= John Hagthorpe =

English poet

John Hagthorpe (fl. 1627) was an English poet. He may also have been a naval captain, as he claimed that his family were the only Hagthorpes in England, and a contemporary Captain John Hagthorpe is documented.

==Life==
Hagthorpe was the son of Rowland Hagthorpe (died 1593) of Nettlesworth in the parish of Chester-le-Street, County Durham, by his first wife, Clare, daughter of Sir Ralph Hedworth, of Harraton in the same county. He was baptised 12 February 1585. In his writings he refers to the time when he lived in Scarborough Castle, Yorkshire. He married Judith, daughter of Anthony Wye, who had a lawsuit in 1605 with Elizabeth Saltonstall, mother of Wye Saltonstall, the poet.

==Reduction of property==
In 1607 he sold his manor and estate of Nettlesworth to John Claxton. On 27 February 1608, being then of Whixley, Yorkshire, he surrendered certain copyhold lands in Chester-le-Street to the use of Henry Thompson and Jane his wife, who was his father's widow. In 1611 license was granted to him and Judith, his wife, to alienate to Francis Wright the half of Greenbury Grange in the parish of Scorton, near Scarborough. He does not seem to have profited by these transactions, for he complains bitterly in the dedication of his ‘Divine Meditations’ to James I of poverty caused by lawsuits in which he had been worsted. Fearing that he might be compelled to emigrate with his family to Virginia, he entreated the king to procure for his son a presentation to Charterhouse School. He added that there was not a man named Hagthorpe in England 'beside myself and mine.' If this statement be literally true he must be identical with the Captain John Hagthorpe who, on 22 April 1626, was certified by Robert Hemsworth as a fit person to command 'one of the ships to waft the cloth fleet to the East land'. During the same year Captain Hagthorpe did good service in protecting the Hull ships bound for Holland against the attacks of the 'Dunkirkers'. He had also taken part in the Cádiz expedition of 1625, and with four other captains petitioned Duke of Buckingham on 20 September 1626 for payment of the king's gratuity of one hundred nobles. A week later he was charged by William Hope, gunner of the Rose of Woodbridge, with illegally selling ship's stores, a course he was probably driven to adopt on account of the persistent neglect of the admiralty to furnish him with victuals and beer.

==Poetry==
John Hagthorpe the poet was the author of: 1. ‘Divine Meditations and Elegies,’ 16mo, London, 1622. A selection from this tiny volume was presented to the Roxburghe Club in 1817 by Sir S. E. Brydges under the title of ‘Hagthorpe Revived; or Select Specimens of a forgotten Poet.’ 2. ‘Visiones Rervm.

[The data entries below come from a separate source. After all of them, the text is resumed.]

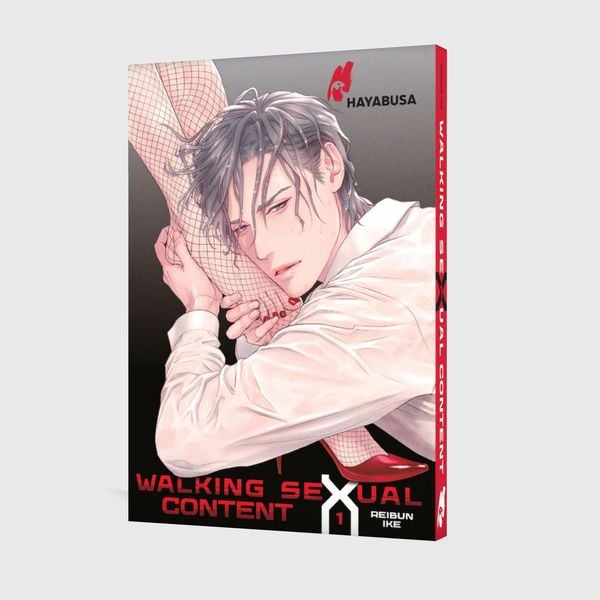 Produktbild: Walking Sexual Content 1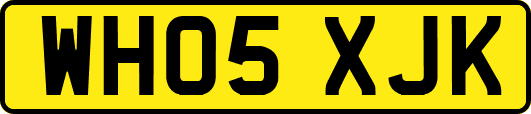 WH05XJK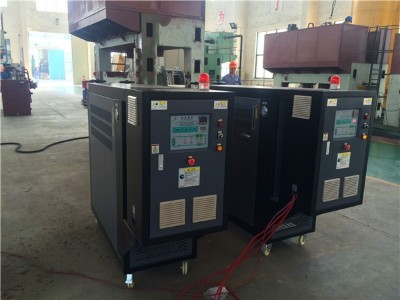 揭秘油循環溫度控制機的原理介紹和應用，看「歐能機械」揭曉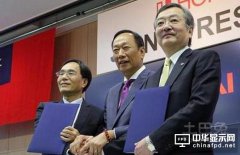 鸿夏转亏为盈方针：面板已明确 家电则仍待考量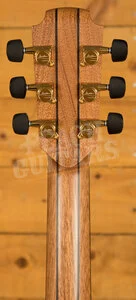 Lowden F-20C | Mahogany - Sitka Spruce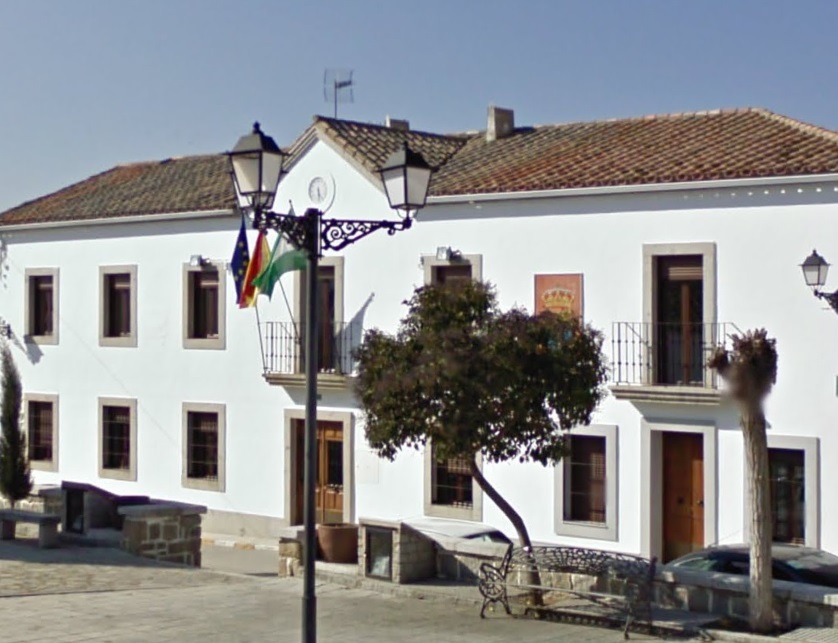 Ayuntamiento de Fuente la Lancha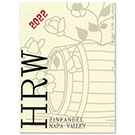 2022 HRW Zinfandel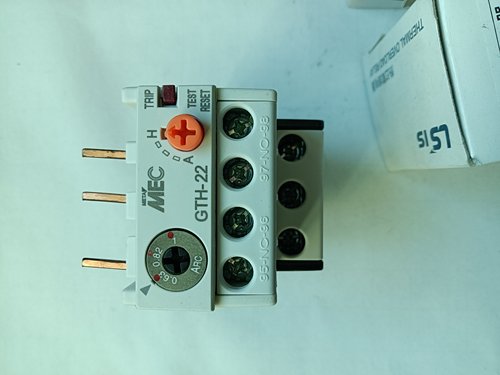 全新原装LS产电停产热继电器GTH22/3 7-10A
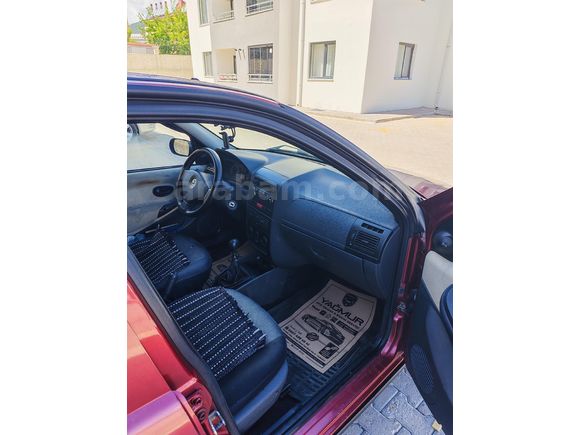 Sahibinden Fiat Palio 1.2 Active 2005 Model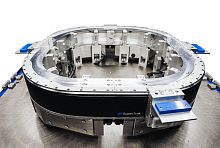 Multi-carrier transport system SuperTrak GEN3electric driveindustrialcomponent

The Visions of Things, or foure Poems,’ 16mo, London, 1623, dedicated to Charles, prince of Wales, to whom he renews the suit addressed in his former volume to the king. 3. ‘Englands-Exchequer, or a Discovrse of the Sea and Navigation, with some things … concerning plantations,’ &c., 4to, London, 1625, an eloquently written prose tract, with poetry interspersed, inscribed to the Duke of Buckingham. He has also laudatory verses prefixed to Captain John Smith's ‘Sea Grammar,’ 1627. In the sale catalogue of William Roscoe's library (1816) ‘The Divine Wooer; composed by I. H.,’ 8vo, London, 1673, is attributed to Hagthorpe.